Forbes, for example, reports that out of a total population of 5.6 million, little more than 2 million are state pensioners, unemployed, sick or on social transfer payments for other reasons. And another 800,000 are employed by the public sector. That’s half the population employed by the state or sustained by money channeled though the state.
Or, to put it another way, out of 5.6 million people in Denmark, there are only about 1.8 million that are not directly dependent on the state for payments of some sort. And even among this group, there is high focus on cheap, subsidized childcare, free healthcare, child bonus payments, subsidized housin, and a large number of other ways to secure additional income from the state. Just an example: Students get five years of free tuition at state universities and I read of a married student who gets a $900 stipend from the state and free childcare. So, basically, living totally off the state for those university years.

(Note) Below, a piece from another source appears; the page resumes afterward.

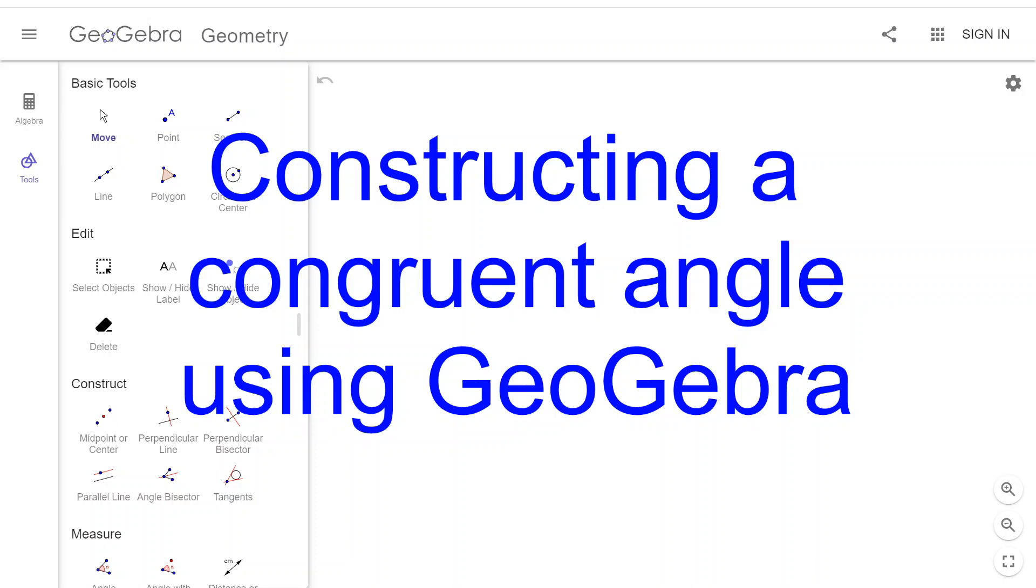This video shows how to construct a congruent angle using GeoGebra. This is my third microphone of the night. I think my recording setup may be haunted. We're going to do our best.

Now, political liberals analyze this all over Europe right now, and everybody says, “These systems are under pressure.” That is the word that is used by liberals. They are under pressure, like most of the entitlement states of Europe. Conservatives say it’s a ticking time bomb. In other words, almost everybody says it can’t go on. The crisis in Greece is the forerunner, and no matter how angry people may get when their entitlements are threatened or taken away, you can’t create tax income out of nowhere. And the support base is not going to be there indefinitely, not to mention other disincentives that plague socialist economies over the long haul.
So, for Bernie Sanders, or anyone else, to commend a Socialism like that of Denmark as the system that is going to do things well for us is shortsighted to say the least. So in general I would say that the impulses of biblical Christianity include:
1. compassion for the disadvantaged;
2. justice under law without respect to status;
3. freedom to create and produce;
4. private property.
And my own sense is that history and reason and further biblical reflection lead to the conclusion that freedom and property rights lead to greater long-term wellbeing, or, like we say today, flourishing for the greatest number. And it should not go unsaid, lastly, that every economic and political system will eventually collapse where there are insufficient moral impulses to restrain human selfishness and encourage honesty and good deeds even when no one is watching.